The relationship between the CPU and Controllers command can be considered to take X cylces while the Controller to Physical takes Y cycles while the I/O path is in the domain of nanoseconds. Obviously the board has its own associated latency. After all these cumulative latencies there is the response path of Y' and X' which need not be the same as Y and X. Therefore there are a number of latencies to consider in the overall subsystem.

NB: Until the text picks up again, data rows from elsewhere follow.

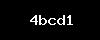 https://uki-jobs.com/wp-content/themes/noo-jobmonster/noo-jobmonster/framework/functions/noo-captcha.php?code=4bcd1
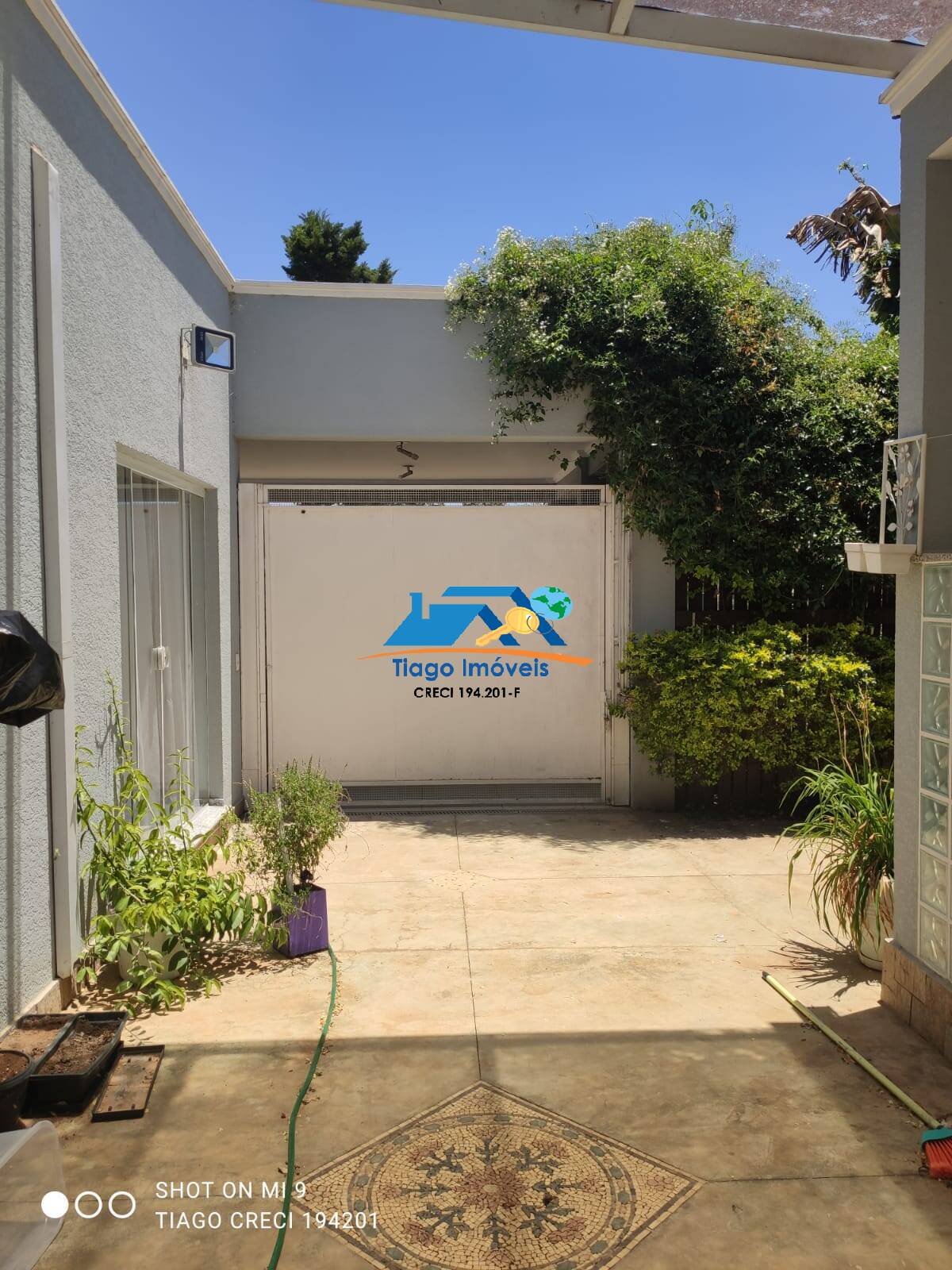 Casa de Condomínio, 3 quartos - Foto 15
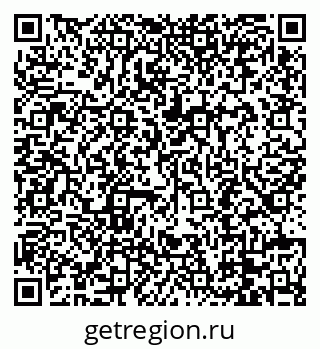 79088695838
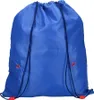 Vadobag Sporttasche Paw Patrol Go Pups Go Produktbild-Vorschau 7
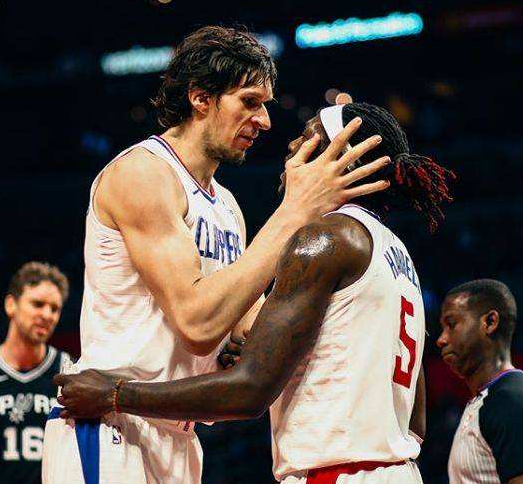 周期更长 周期更长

Additionally, the Controller need not send on data in-order as the Controllers tries to optimize the bus usage such there is always traffic on the bus. Therefore you must consider both the "optimal case" and the "average case" when considering the latency of a given test pattern or the latency of a series of test patters respectively. Naturally there is the "worst case" latency for which we can tolerate along the entire path.

DDR latency

The DDR latency is the time the memory controller (MC) must wait between requesting data and the actual delivery of the data. It is also known as Column Address Strobe (CAS) Latency or simply CL. The value of the CL is usually expressed in terms of clock cycles. For an example, a DIMM with CL3 implies that the memory controller must wait three clock cycles until data is delivered after a request is made.

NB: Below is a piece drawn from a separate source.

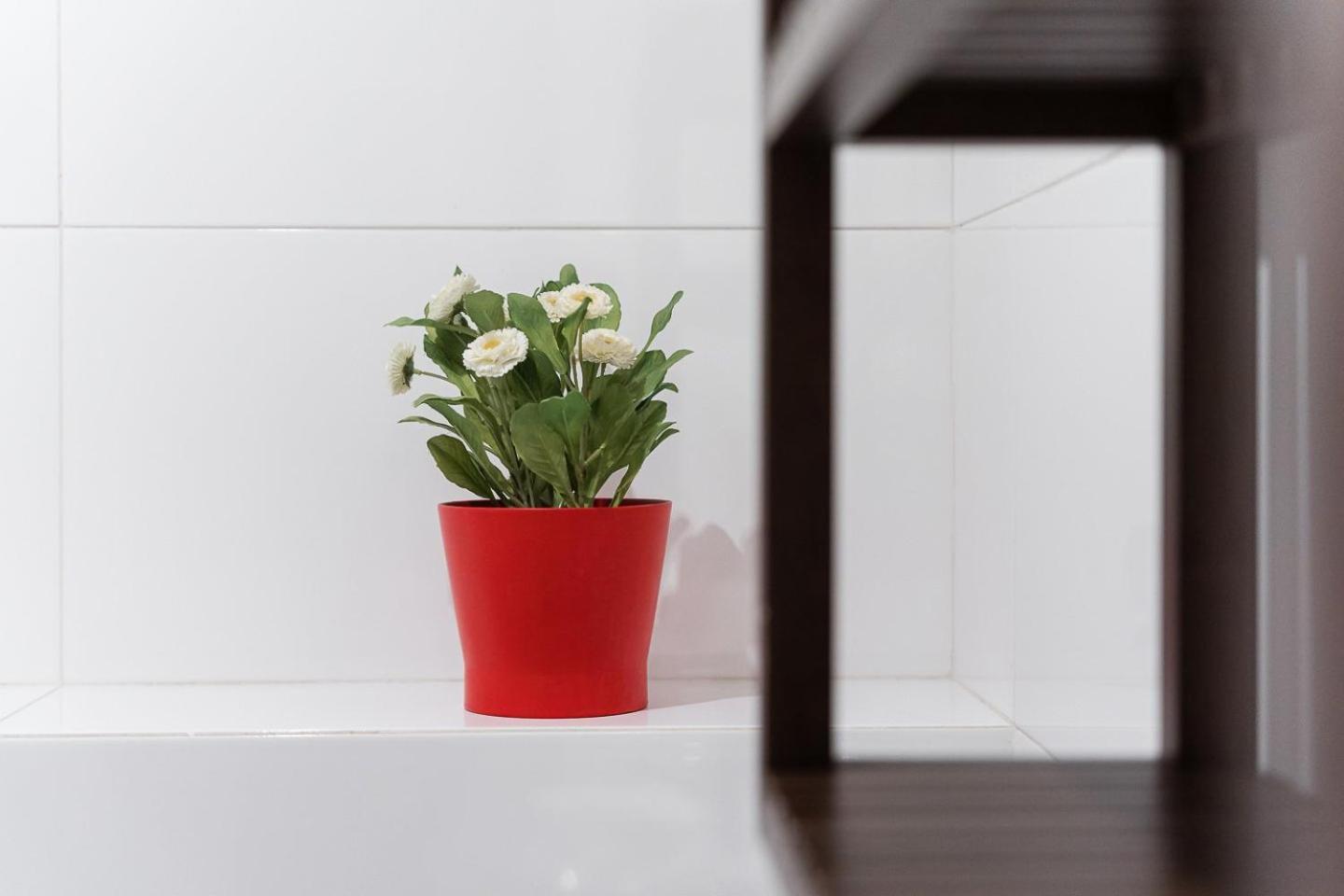 Guestready - Boavista Building Leilighet Porto Eksteriør bilde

 +--|--------------|---> Clock
 |  |              |
 ^  |___.          |
 |_|read|__        |
 +-----------------|---> Command
 |                 |
 ^  |              |
 |  |<--- CL ----->|&&|
 +---------------------> Data Out (CL3)

Note that the latencies are higher for DDR3 > DDR2 > DDR and so have an additional parameter called Additional Latency (AL). The total latency will then be CL+AL. Fortunately AL is almost always AL0. This means a DDR2-800 CL5 DIMM will delay less time (i.e., is faster) to start delivering data than a DDR3-800 CL7 DIMM. However, since both are "800 MHz" memories, both provide the exact same maximum theoretical transfer rate (6,400 MB/s).

When comparing DIMM modules with different clock rates, you need to do some math to be able to compare the latencies. Notice that we are talking about "clock cycles." When the clock is higher, each clock cycle is shorter (i.e., shorter period).

Serial Presence Detect (SPD)

...explain how it works...

DDR 2n-Prefetch Architecture

Dynamic memories store data inside an array of tiny capacitors. DDR memories transfer two bits of data per clock cycle from the memory array to the memory internal I/O buffer. This is called 2-bit prefetch. On DDR2 this internal datapath was increased to four bits, and on DDR3 it was raised again to eight bits. This is actually the trick that allows DDR3 to work at higher clock rates than DDR2, and DDR2 at higher clock rates than DDR.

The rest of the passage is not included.